→ **The problem**:
All the lines below need retyping exactly, apart from the images.

→ **Data shown**:
- Opening Delimiter -

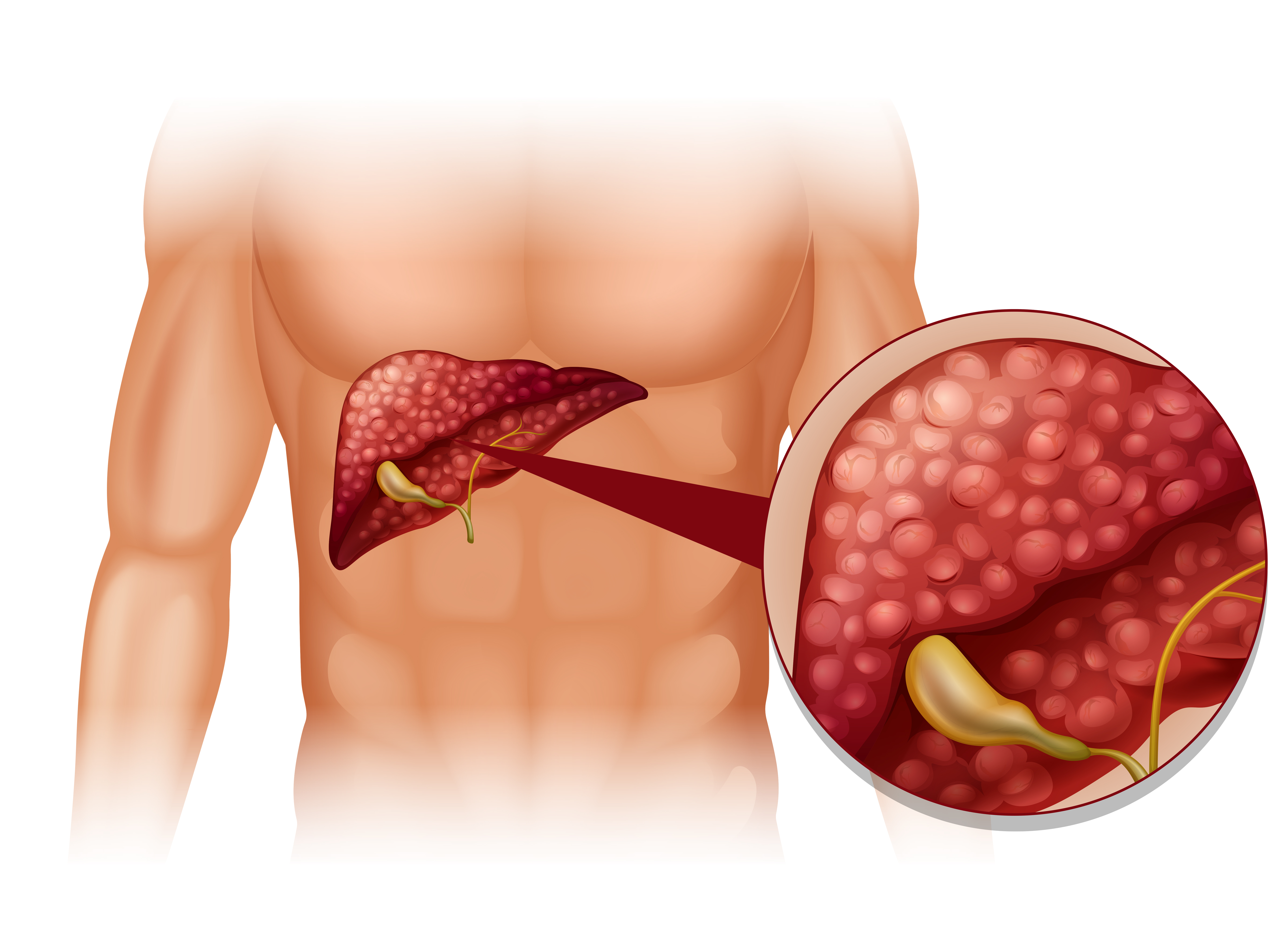  liver tumor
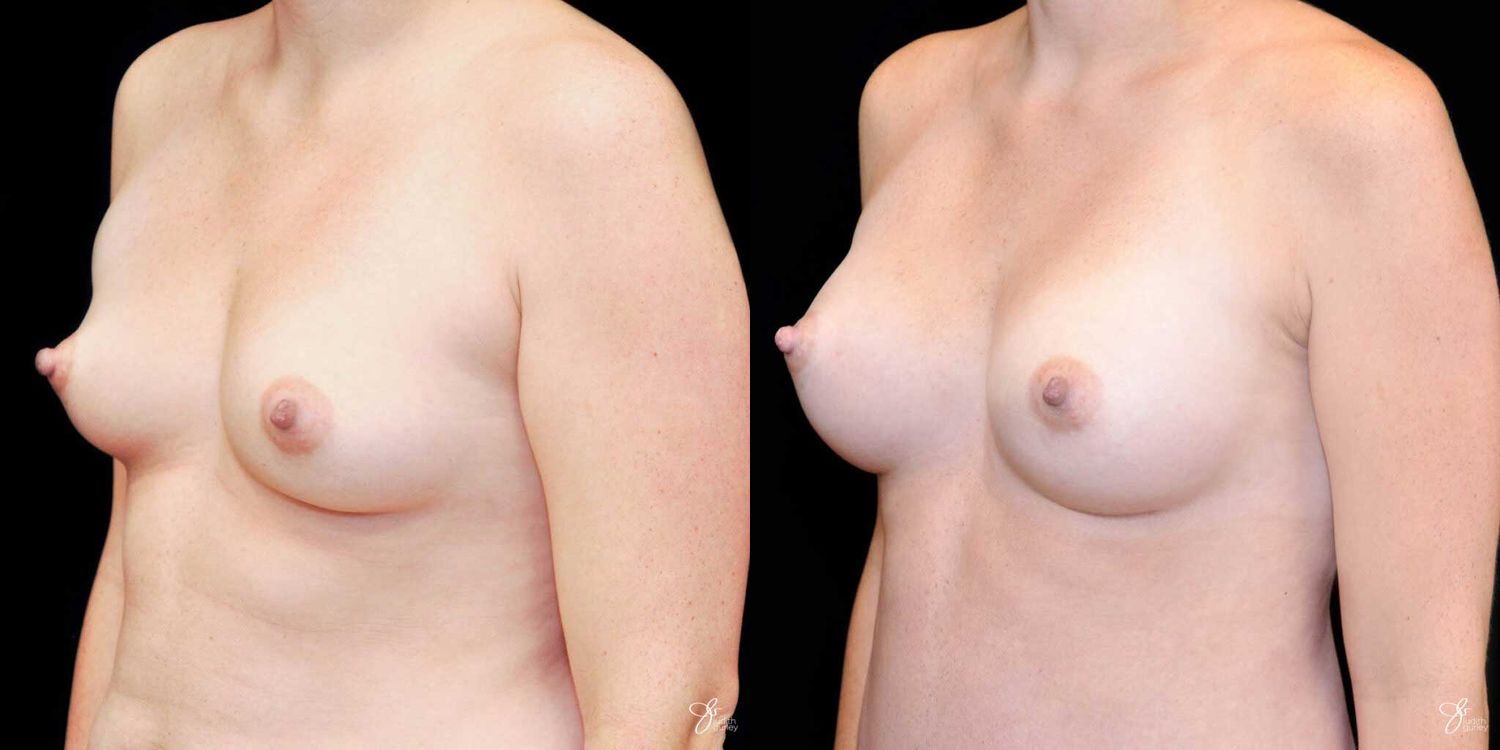 Breast Augmentation Before & After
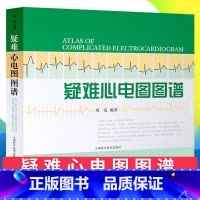 [正版] 疑难心电图图谱 刘霞 编著 上海科学技术出版社 9787547805237 收集210例在诊断上有难度的心电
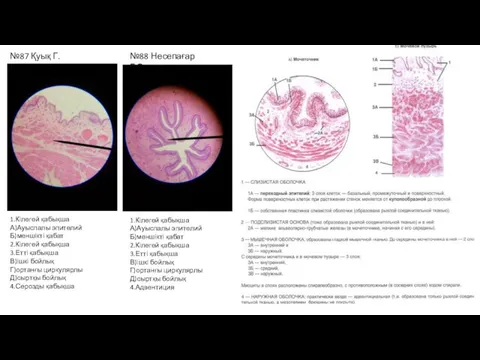 №87 Қуық Г.Э 1.Кілегей қабықша А)Ауыспалы эпителий Б)меншікті қабат 2.Кілегей қабықша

- Closing Delimiter -

→ **Exercise solution**:
  liver tumor
 Breast Augmentation Before & After
 [正版] 疑难心电图图谱 刘霞 编著 上海科学技术出版社 9787547805237 收集210例在诊断上有难度的心电
 №87 Қуық Г.Э 1.Кілегей қабықша А)Ауыспалы эпителий Б)меншікті қабат 2.Кілегей қабықша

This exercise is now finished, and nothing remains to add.